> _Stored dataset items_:
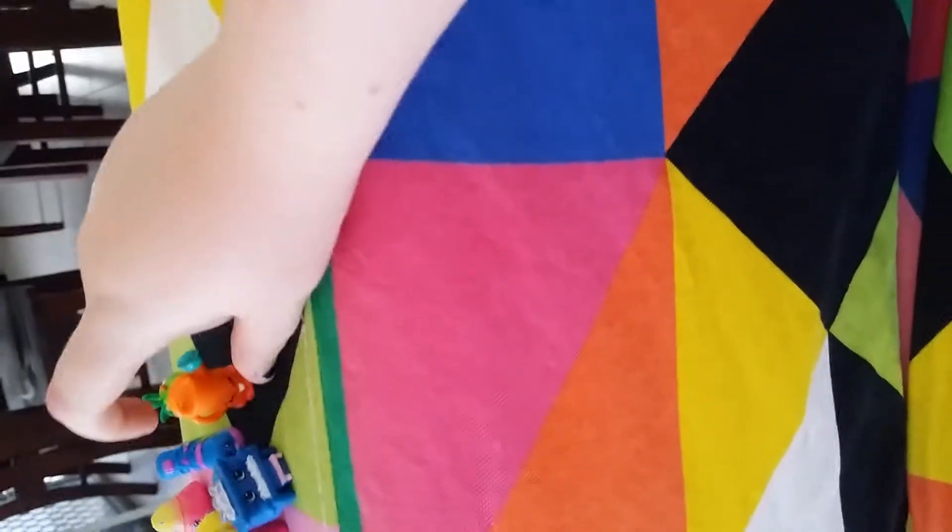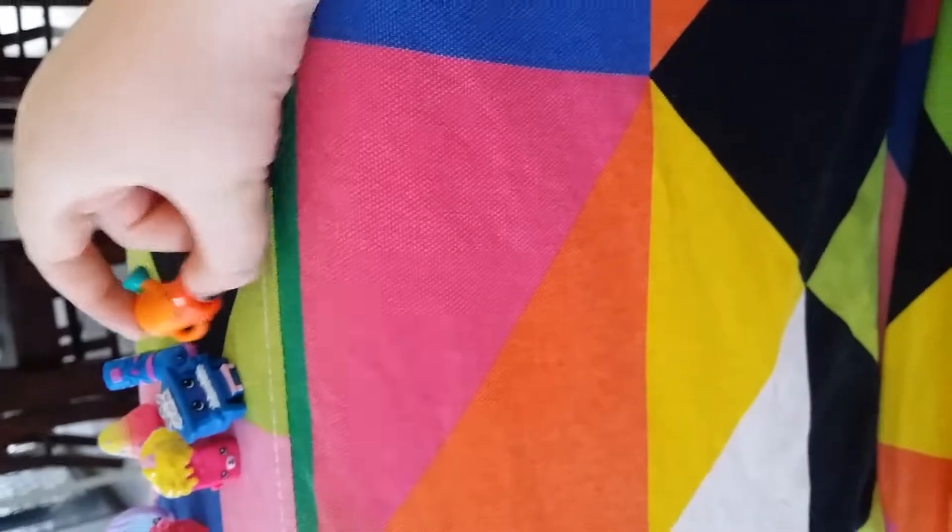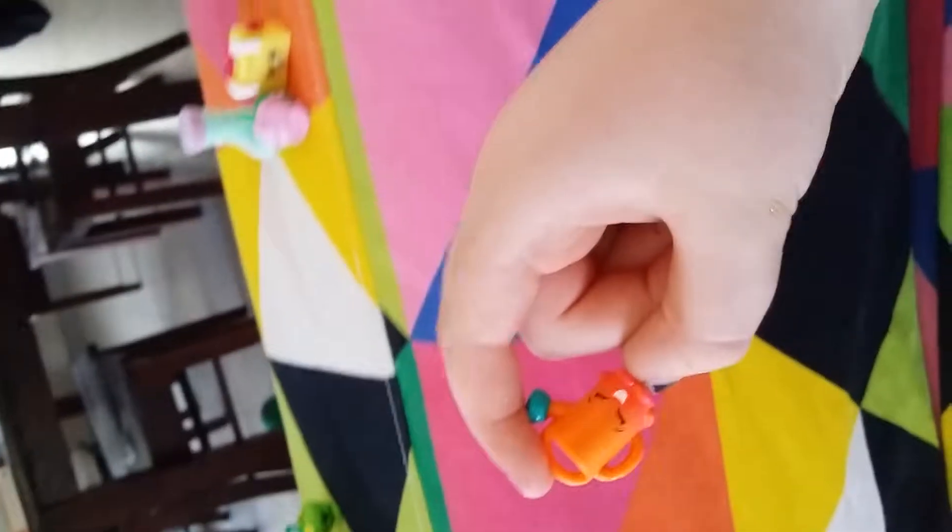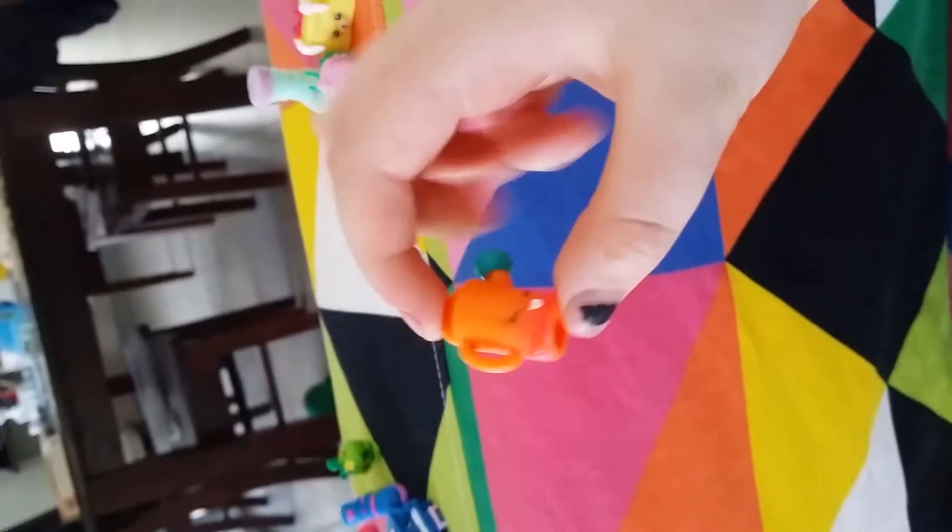I think this one's Kitty Bushy, but you tell me who it is in the comments if you know a lot about Shopkins and you know which one this is, let me know in the comments.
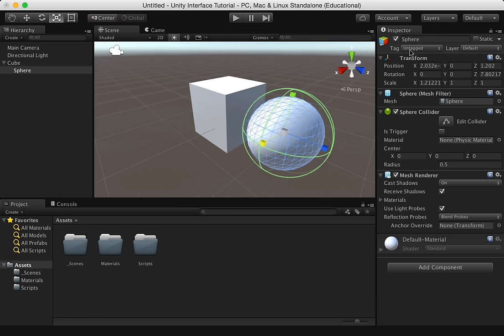Down here at the bottom is the project browser. The project browser is used to manage the assets that belong to your project. The left panel of the browser shows the folder structure of the project as a hierarchy.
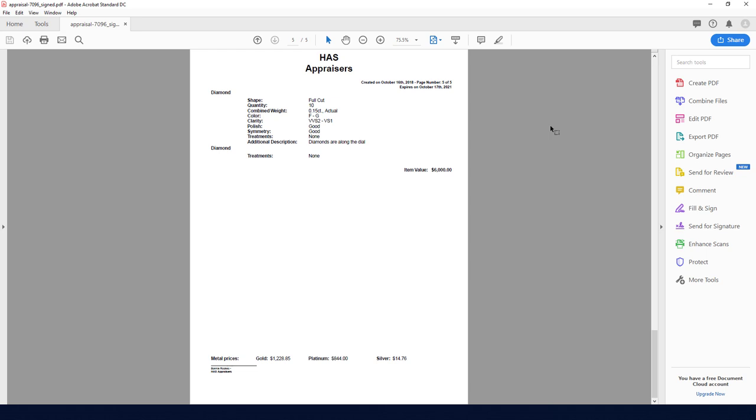In the next video I'll demonstrate how customers can use the customer portal to access their appraisal documents.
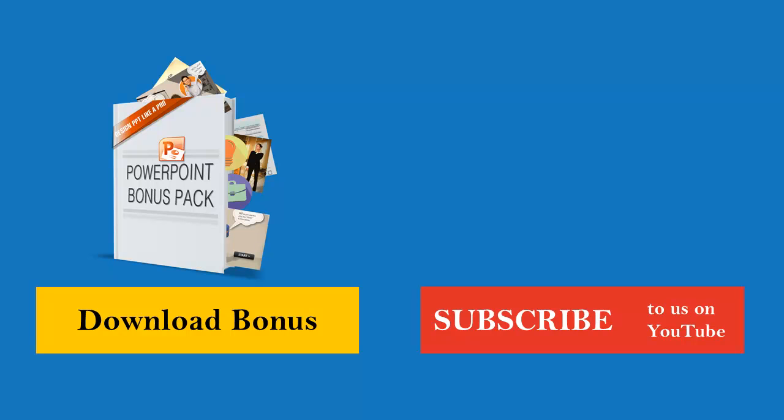And if you could take just a couple seconds right now and like this video, I would really appreciate it. It really helps me know that I'm creating the right sort of content that you guys are liking. Thanks so much and good luck creating your slideshows.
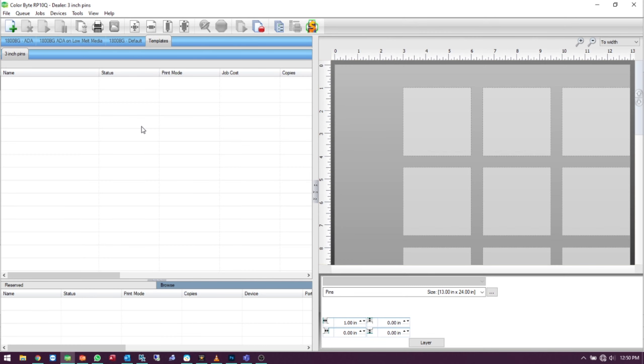In this video, we're going to be going over how to create a template within the RIP software.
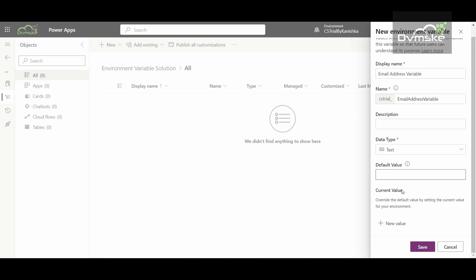As you select a data type, you are provided with two fields: Default Value and Current Value. Microsoft has created two tables — Environment Variable Definition and Environment Variable Values — which store the environment variables as records. The Default Value stores the value the variable returns by default when there is no overriding value. The Current Value overrides the default and gets stored in the Environment Variable Values table. I will give the default value as the email address we want to send email to, then click Save.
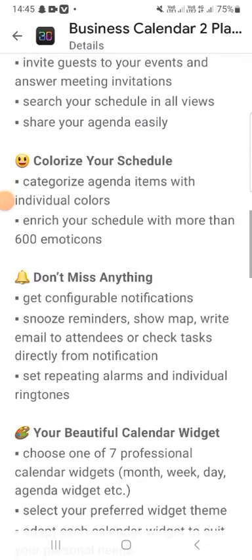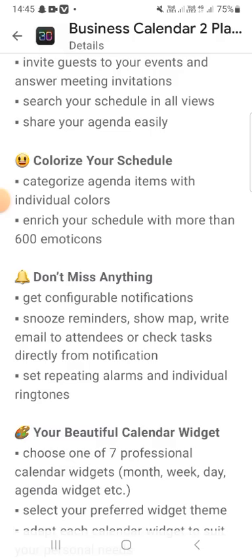Colorize your schedule and categorize agenda items with individual colors. Enrich your schedule with over 600 emojis. Don't miss anything — get notifications to stay on top of your events.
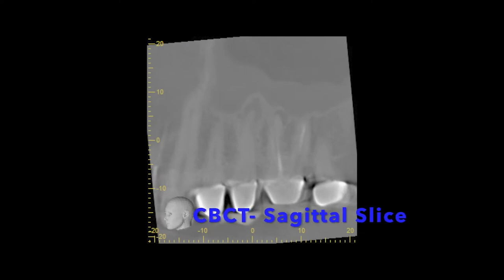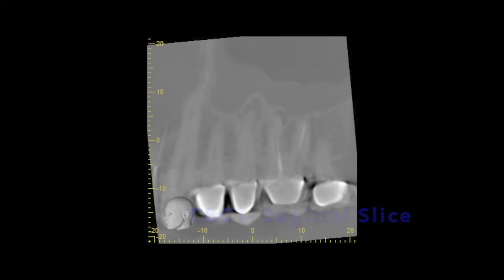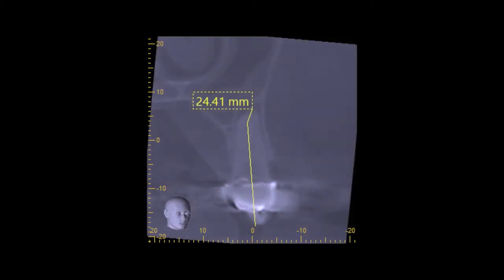Looking at the CBCT, you can see a lesion on number 14 at the mesial buccal root, and on number 13. So we've got to retreat 14, which we did later. The 13 is our focus. You can tell from the coronal slice there's only one canal on 13, so this is a perfect case if you're new to the game.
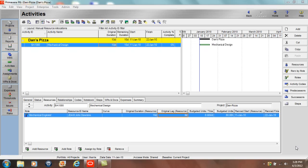So let's take a look at our activity. We can see that we've got an activity called mechanical design and the original duration of the activity is 10 days. So this activity is scheduled to start on January 11th and finish on January 22nd.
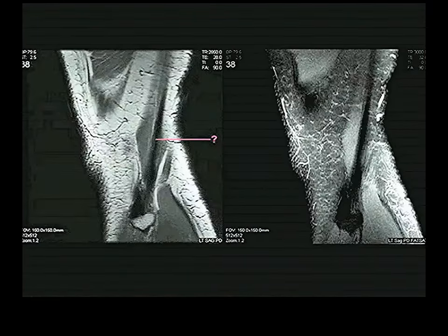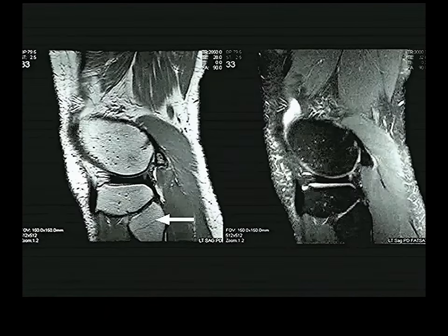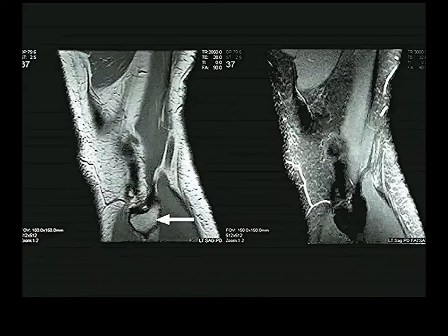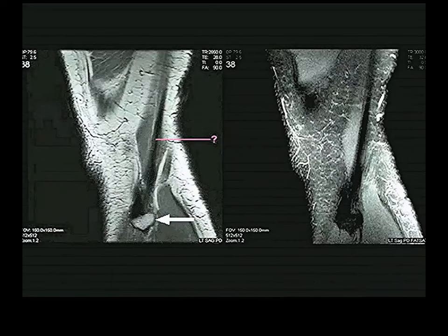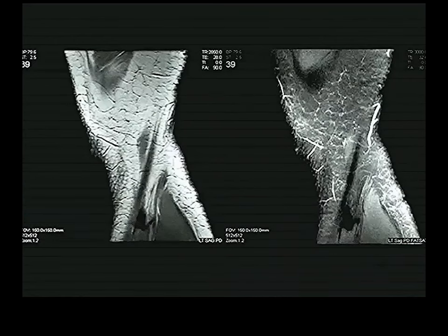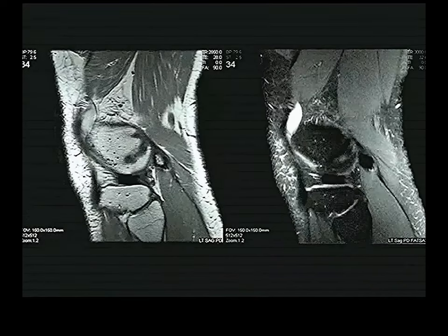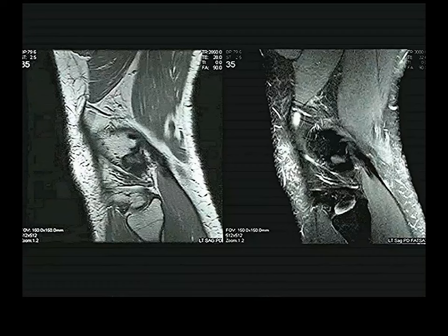Going further laterally, we see something inserting on the head of the fibula — that is the biceps femoris tendon going to the head of the fibula. Sagittal sections are not the way to see the collateral ligaments — you need coronal plane MRIs for that.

> _Exercise brief_: With the pictures left out, restate word for word every line of the data above, from the first down to the line that contains "As you select".

> _Task result_:
I think this one's Kitty Bushy, but you tell me who it is in the comments if you know a lot about Shopkins and you know which one this is, let me know in the comments.
Down here at the bottom is the project browser. The project browser is used to manage the assets that belong to your project. The left panel of the browser shows the folder structure of the project as a hierarchy.
In the next video I'll demonstrate how customers can use the customer portal to access their appraisal documents.
And if you could take just a couple seconds right now and like this video, I would really appreciate it. It really helps me know that I'm creating the right sort of content that you guys are liking. Thanks so much and good luck creating your slideshows.
In this video, we're going to be going over how to create a template within the RIP software.
As you select a data type, you are provided with two fields: Default Value and Current Value. Microsoft has created two tables — Environment Variable Definition and Environment Variable Values — which store the environment variables as records. The Default Value stores the value the variable returns by default when there is no overriding value. The Current Value overrides the default and gets stored in the Environment Variable Values table. I will give the default value as the email address we want to send email to, then click Save.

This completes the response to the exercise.